U.S. competitions are governed by a confusing array of sanctioning bodies, each with its own set of rules. The largest is the Kansas City Barbecue Society, which holds sway in much of the Midwest and West. Most Arizona contests are governed by KCBS rules (or a relaxed version) that require competitors to submit four meats – chicken, pork ribs, pork and beef brisket – to a six-judge panel for evaluation of appearance, tenderness and taste.
Winners can earn up to $1,000 for first place in a meat category and as much as $10,000 for an overall crown at a large contest, but the costs also are steep. Entry fees typically run $250 per contest, and teams have to fork over another $300 for their meat and cooking supplies. Some competitors use popular home smokers like the ubiquitous Weber Smokey Mountain, but others shell out as much as $20,000 for top-of-the-line units.

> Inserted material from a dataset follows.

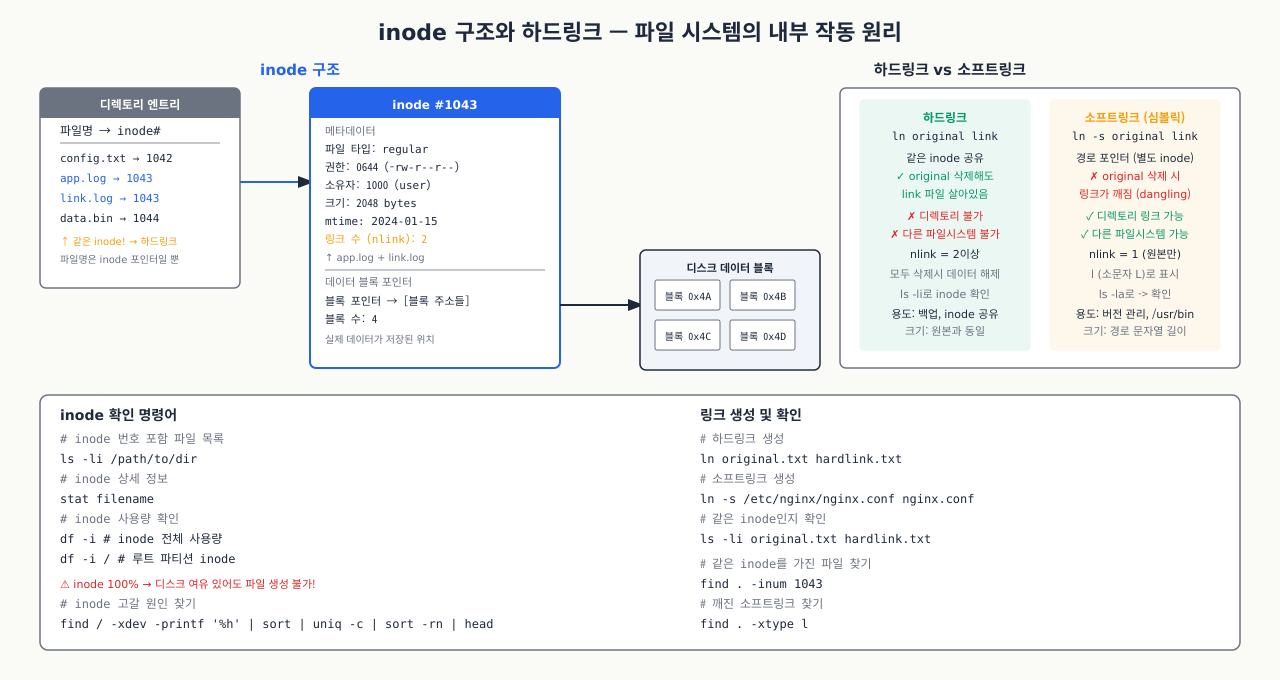 inode 구조와 하드링크 — 디렉토리 엔트리·inode·데이터 블록 관계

Rick Phillips, who helped launch the Arizona Barbecue Festival in Scottsdale in 2010 and the Surprise Barbecue Festival earlier this year, worries about the effect of ever-increasing prize money. “There was a sense of community and fun; that’s why we loved it,” says Phillips, who saw the Scottsdale event grow to 83 teams this year and draw 18,000 fans. “People can get a little seduced by the money; they get more serious and the fun can go out of it.”
Top AZ BBQ Teams
Loot N’ Booty
Don’t accuse head chef Sterling Smith and Co. of lacking theatrical flair. The Scottsdale team donned pirate outfits while taking first place overall at the 2012
Havasu Landing competition.
Little Miss BBQ
With little more than two years of competition under their belts, Phoenix’s Scott and Bekke Holmes had two overall crowns and two runner-up finishes in the first half of this year.

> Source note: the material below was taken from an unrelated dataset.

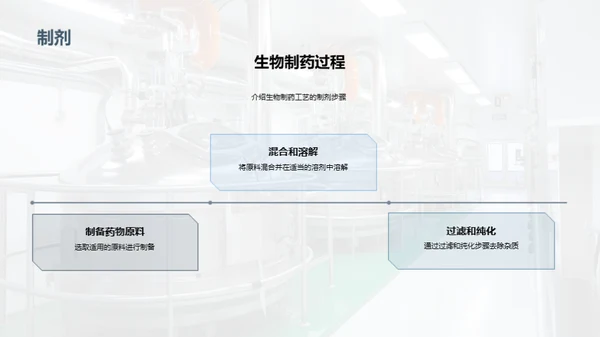 揭秘生物制药工艺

Tom Glenn of Chandler and Paul Drews of Gilbert started competing in 2009 and were named the 2011 Barbecue Championship Series Team of the Year.
Bam Bam’s BBQ
Utah native Cameron Treu had a busy 2011, moving to Gilbert, winning the pork category in his first KCBS contest and going on to be named 2011 Arizona Rookie of the Year.
Hog Pit Smokehouse
Mark Smith, who works for the Tucson Unified School District, opened his Tucson barbecue restaurant in 2009 but still competes regularly.